My mother called me at work today because she was having a really rough day. We were talking and I was telling her that she needed to take care of herself and stop worrying so much about disappointing everyone else. We spoke about the difference of being selfish and taking care of one's self. I said how I used to always care what people thought and worried about everything, and how much happier I've been since I've stopped doing that. I said I was happy and knew I was a good person, so if someone thought I was selfish for saying no at times, or watching out for myself, then that was their own deal and I'm not going to be offended.
Then she asked me, "But are you really happy Heather?"
I said yes for the most part. I explained that there are of course some circumstantial things that I'm not happy with, particularly my job which has let me down very much as of late. I was saying though that for the most part I was happy. Thing is, as the evening has gone on I've really been thinking about this and I don't know so much any more. There are things that I am happy WITH in my life...the core of who I am, my friends, my family, the recent changes for the good in my life, that type of thing. However there's a lot that I think I need to change to truly be happy, however some things are out of my control and I wonder if they will happen.
Hmmmmm. When am I happy? I would say almost every day I'm happy about something even if it's short lived.
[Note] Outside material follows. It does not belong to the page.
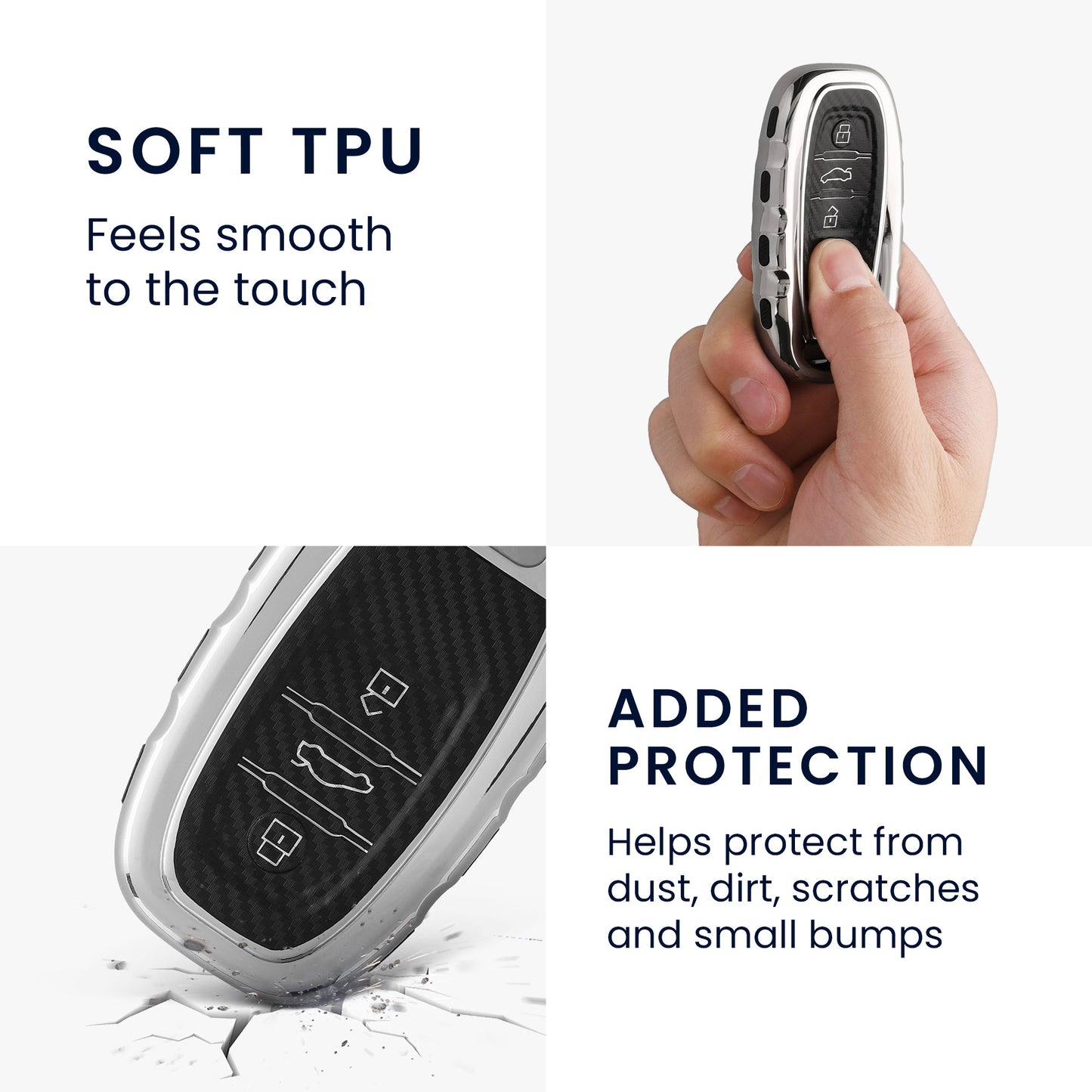 Case for Audi A6 A7 A8 Q7 Q8 3-Button Car Key Keyless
I need something.....I....shit! Okay crying. Mother fucking PMS! Hahaha!
I need this for myself. I'm thinking of what makes me happy even if it's not in my life right now...
Swimming in warm water, blue skies, being in nature, new experiences (people/places), eating satsumas and berries, a great salad, new toiletries and using them for the first time, children and their imagination, sleeping in a really comfy bed with great sheets and a day full of great movies, my family, my friends, long deep talks, hugs, waking up with someone you love...and can hump, Lost, a great glass of champagne, having my hair stroked, possibilities, laughter, hearing someone fart...okay that makes me laugh so that kinda goes with the other one, my satsuma oil and Clinique Happy perfume, being in love, being silly, holding hands, knowing looks, smiles, honesty, complimenting someone and knowing it's absolutely true and makes them feel good, really hot baths, pooping when it's been over three days (there is such relief in that moment), walking around barefoot in the grass or in sand, a great film, touching music, an inspiring book, yoga, my cats, my shopping/lunch days with April (for whom I would not know what Sephora was), dinners with friends, camping, hiking, being healthy and not smoking finally, a great haircut, that my life is so stupid it's entertaining and often makes a great story, writing, warm weather, finding a place where it's absolutely quiet outside minus the soothing sounds of nature, dreams...like sleeping dreams, playing games...real ones not mind one, a great personal connection, my tiki mugs, shells, the ocean and the sound of the surf, vacations, Smart Wool socks (the best ever), Burts Bees products (particularly the peppermint lip balm and the apricot baby oil), great theatre, the fuzzy black and orange caterpillars, seeing people fall so long as they're not hurt (I'm sorry but this is hysterical), the summer bonfires my friends have, sunsets at Four Peaks in Arizona, hugging the man you love and his neck smells of soap, and sex that you can remember...okay preferably in love sex, but remembering it is now on my list...oh and sex that lasts over 15 minutes too...wait, let's up that ante....an hour minimum with foreplay...okay wait, I'm on my abstinance streak for another two months and 3 days, so I will take a fully clothed man who want to make out at this point.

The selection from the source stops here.